TASK TO CARRY OUT> Beginning at the line containing "ミディアム カラー 顔周り/くびれヘア 韓国ヘア💕風間るなのヘアスタイル" in the material below and ending at the line containing "Rules To Break", return each line exactly and add nothing.

DATASET RECORDS>
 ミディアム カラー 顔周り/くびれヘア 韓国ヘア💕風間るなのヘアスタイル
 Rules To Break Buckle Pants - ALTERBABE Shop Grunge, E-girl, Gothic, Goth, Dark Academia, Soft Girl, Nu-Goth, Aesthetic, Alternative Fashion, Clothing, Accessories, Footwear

---

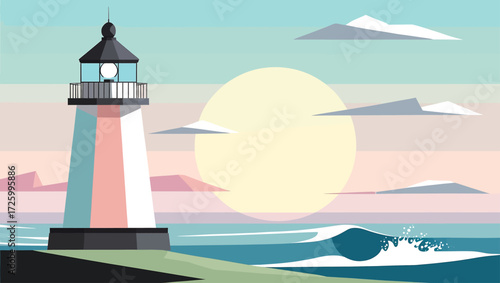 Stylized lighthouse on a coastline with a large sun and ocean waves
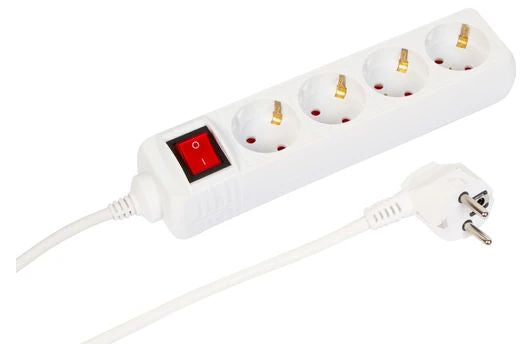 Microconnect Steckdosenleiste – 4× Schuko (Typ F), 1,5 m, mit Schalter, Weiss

ANSWER TO THE EXERCISE>
 ミディアム カラー 顔周り/くびれヘア 韓国ヘア💕風間るなのヘアスタイル
 Rules To Break Buckle Pants - ALTERBABE Shop Grunge, E-girl, Gothic, Goth, Dark Academia, Soft Girl, Nu-Goth, Aesthetic, Alternative Fashion, Clothing, Accessories, Footwear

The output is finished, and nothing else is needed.